This problem can be easily solved using recursive way.
class Solution {
fun leafSimilar(root1: TreeNode?, root2: TreeNode?): Boolean {
tailrec fun findLeaves(node: TreeNode?, collector: MutableList<TreeNode>){
if(node == null) return
if(node?.left == null && node?.right == null){
collector.add(node!!)
return
}
findLeaves(node?.left, collector)
findLeaves(node?.right, collector)
}
var seq1 = mutableListOf<TreeNode>()
var seq2 = mutableListOf<TreeNode>()
findLeaves(root1, seq1)
findLeaves(root2, seq2)
return seq1.filterIndexed {index, i -> i.`val` != seq2[index].`val`}.isEmpty()
}
}
The idea is to go through each of the nodes recursively and if the node’s left and right children are both null, then the node is a leaf.

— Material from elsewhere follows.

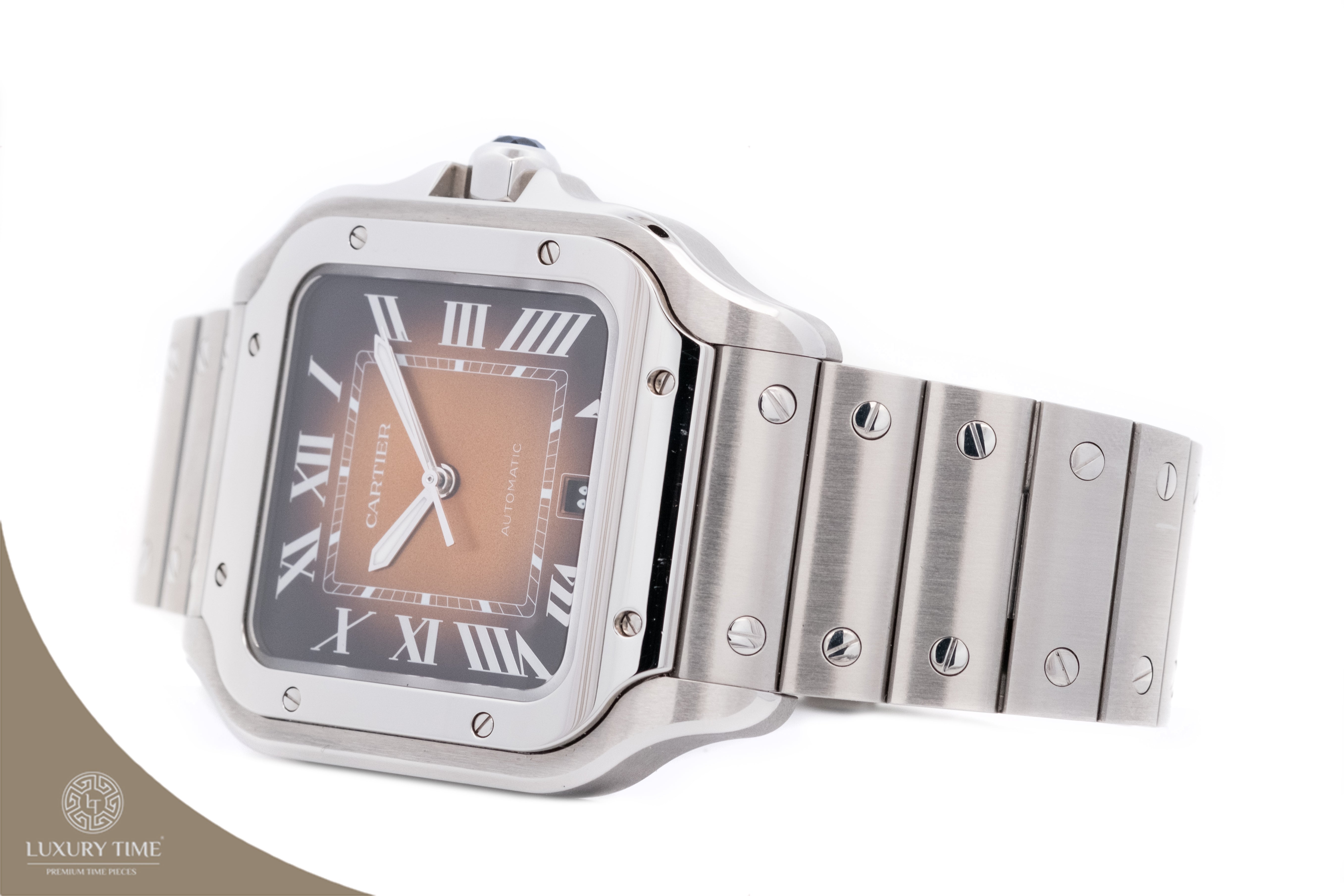 Cartier Santos De Cartier Men's Watch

We then use a collector to collect these nodes.
After we collected all the leaves for both trees, we compare them one by one to verify if their contents are both equal.
Runtime: 140 ms, faster than 94.44% of Kotlin online submissions for Leaf-Similar Trees.
Memory Usage: 32 MB, less than 100.00% of Kotlin online submissions for Leaf-Similar Trees.